Dans le même temps, émerge avec clarté le violent déracinement causé par le traumatisme de la guerre et le départ pour Rome, qui semble se manifester ici au travers d’une incapacité profonde de s’installer. Les paroles de Jean Fieschi au cinéaste dans Pasolini l’enragé résonnent ici : « Quand on vous regarde, il semble que l’on regarde qui n’est jamais là, qui a tout de suite envie de partir, qui n’est là que sur la pointe des pieds ». La métaphore du nomadisme est alors une constante du rapport à la ville.
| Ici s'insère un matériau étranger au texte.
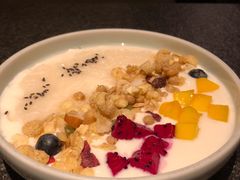 米釀鲜果酸奶-丝路金桃·新疆菜(徐汇店)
On pourrait songer à la confrontation, dans la troisième salle, entre la voiture, symbole de la découverte infatigable de l’Italie initiée avec les Comizi d’amore, l’angoisse manifestée par le poème La recherche d’une maison, et enfin le vagabondage de Totò et Ninetto dans l’extrait de Uccellacci e Uccellini, perdus dans un monde en évolution, où se cristallisent les dimensions de cette inquiétude qui pousse Pasolini à être toujours en mouvement, dans la vie comme dans la création. Une inquiétude s’expliquant également par un décalage profond et paradoxal avec l’urbanité, qui poussera Pasolini à jouer constamment sur les frontières de l’urbain, et ce dès le choix de ces lieux mixtes constitués par les borgate. D’où cette surprenante variété d’espaces habités par le poète, qui le font évoluer des maisonnettes des borgate à la tour de Chia, en passant par le décor irréel de l’EUR dès 1963, si proche de L’Arrivée du déménagement de De Chirico exposé dans la quatrième section, et qui trouvera un contrepoint dans la villa faite édifiée dans cette Sabaudia que le poète définira comme « métaphysique et chiriquienne ».
Enfin, c’est bien sûr au travers de la rencontre avec Rome une rencontre avec le passé qui nous est proposée : ce passé auquel Pasolini se montrait si attentif dans sa démarche, et vers lequel sa trajectoire semble désespérément tendre. Les vidéos de la Rome contemporaine ponctuant chaque section revêtent alors plusieurs sens. Elles démontrent tout d’abord la justesse des théories pasoliniennes sur la société de consommation, tout en réfutant leur caractère apocalyptique. Surtout, elles semblent exprimer l’écart qui sépare les deux Rome, et par là, l’opacité du rapport entre passé et présent. De ce fossé se dégage une mélancolie profonde, semblable à celle qui en fin d’exposition saisit le spectateur, bercé par la musique accompagnant l’hommage de Nanni Moretti au poète dans Journal intime, ainsi que par le bruit des vagues sur la plage d’Ostia. Mélancolie d’autant plus forte qu’elle ne découle pas seulement de la mort de Pasolini, mais aussi du ressenti de la distance qui nous sépare de cette figure aussi actuelle que passée, révolue. La bouleversante exhortation de Moravia aux funérailles de son ami semble alors prendre tout son sens : savoir cueillir et apprécier dans ce dernier à la fois le différent et le semblable, cet écart et cette proximité touchante nous reliant à celui qui se définissait lui-même comme une « force du passé ».